Without realizing that the Ukrainian soldier was engaging in a prank, Alexander Anatolyevich assured that he would raise the mentioned concerns with the design bureau. He also pledged to get in touch with the engine manufacturer in Chelyabinsk.
Kochevnik continued his trolling and contacted Andrey Abakumov, a General Director at Uralvagonzavod. The Ukrainian officer reiterated the problems with the T-72B3M tank.
Abakumov asked him to describe everything on WhatsApp and promised to discuss the problems with the tank’s designers.
However, in the end, Kochevnik finally disclosed his identity as a Ukrainian soldier, revealing that his army had captured the problematic T-72 around Izyum in late 2022.
Problems With The Upgraded T-72 Tanks?
The T-72B3 represents a modernized iteration of the older T-72 tank, boasting a range of enhancements. These include a state-of-the-art Sosna-U day-night digital gunner’s sight, advanced reactive armor, a rear-facing video camera, and a new barrel for its powerful 125-millimeter main gun.
After suffering significant losses in the early stages of the war, Uralvagonzavod, the Russian defense manufacturer, initiated the program to upgrade and reintroduce older T-72 tanks into active service.
The company claimed that in the upgraded tanks, virtually all the critical systems of these older T-72 tanks would be enhanced to improve maneuverability, firepower, and overall protection levels significantly.
However, the introduced upgrades fail to improve the T-72’s performance substantially and do not address its core issue, the hazardous ammunition storage system.
The T-72 stores its main-gun ammunition in a carousel beneath the turret, and a direct hit can trigger a catastrophic explosion, leading to the tank’s destruction, the loss of its three-person crew, and sometimes even propelling the turret into the air.
Additionally, the critical feature of the T-72B3 is its Sosna-U sight, capable of spotting targets up to four miles away in both daylight and darkness.

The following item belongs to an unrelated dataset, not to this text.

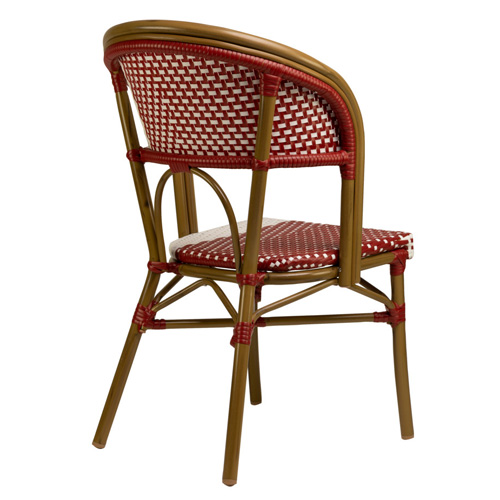 Terrasstoel Santa Cruz - Rood/Wit - Afbeelding 4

This sight reportedly incorporates French optics acquired by Russian industry through unconventional means.
However, sanctions, in place since 2014, hinder the flow of military electronics, and while Russia has found ways around these sanctions, replicating the optics without sacrificing quality may prove difficult once French components are exhausted.

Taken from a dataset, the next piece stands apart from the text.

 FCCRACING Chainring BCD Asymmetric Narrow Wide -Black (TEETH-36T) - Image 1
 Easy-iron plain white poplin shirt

Early this year, a EurAsian Times report said Uralvagonzavod was installing the older 1PN96MT-02 sights, which have a limited two-mile range, on numerous upgraded T-72 tanks instead of the Sosna-U system.
While the precise impact of these upgrades remains uncertain, it is believed that the Russian defense industry is currently manufacturing approximately 200 tanks annually.